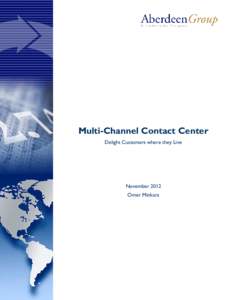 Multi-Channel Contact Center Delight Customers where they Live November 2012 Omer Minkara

* * *

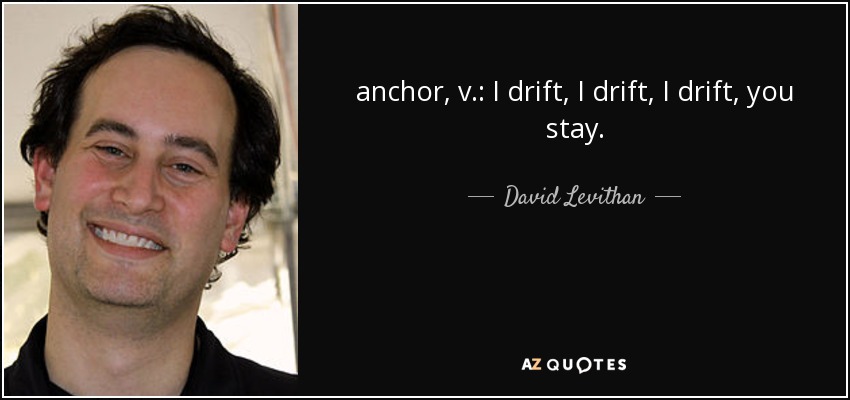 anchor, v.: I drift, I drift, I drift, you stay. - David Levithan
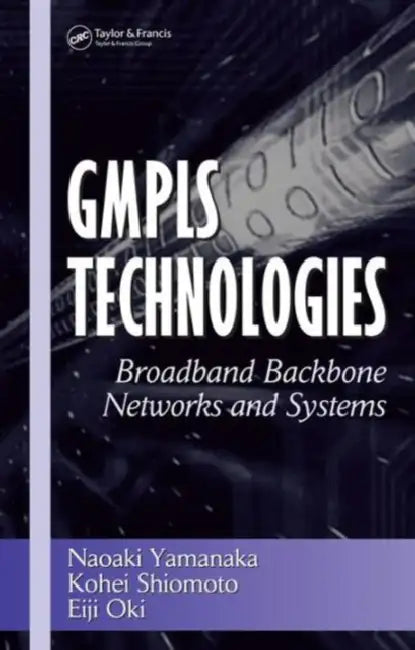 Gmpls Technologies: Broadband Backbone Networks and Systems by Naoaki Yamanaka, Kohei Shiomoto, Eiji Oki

==

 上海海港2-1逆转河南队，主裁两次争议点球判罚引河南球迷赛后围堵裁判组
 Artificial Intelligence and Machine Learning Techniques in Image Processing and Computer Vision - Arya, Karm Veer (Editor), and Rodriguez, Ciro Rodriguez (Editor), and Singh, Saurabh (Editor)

Work to be completed: The expected output is exactly the lines of the listing above between the line holding "上海海港2-1逆转河南队，主裁两次争议点球判罚引河南球迷赛后围堵裁判组" and the line holding "Artificial Intelligence and", inclusive.

Answer area:
 上海海港2-1逆转河南队，主裁两次争议点球判罚引河南球迷赛后围堵裁判组
 Artificial Intelligence and Machine Learning Techniques in Image Processing and Computer Vision - Arya, Karm Veer (Editor), and Rodriguez, Ciro Rodriguez (Editor), and Singh, Saurabh (Editor)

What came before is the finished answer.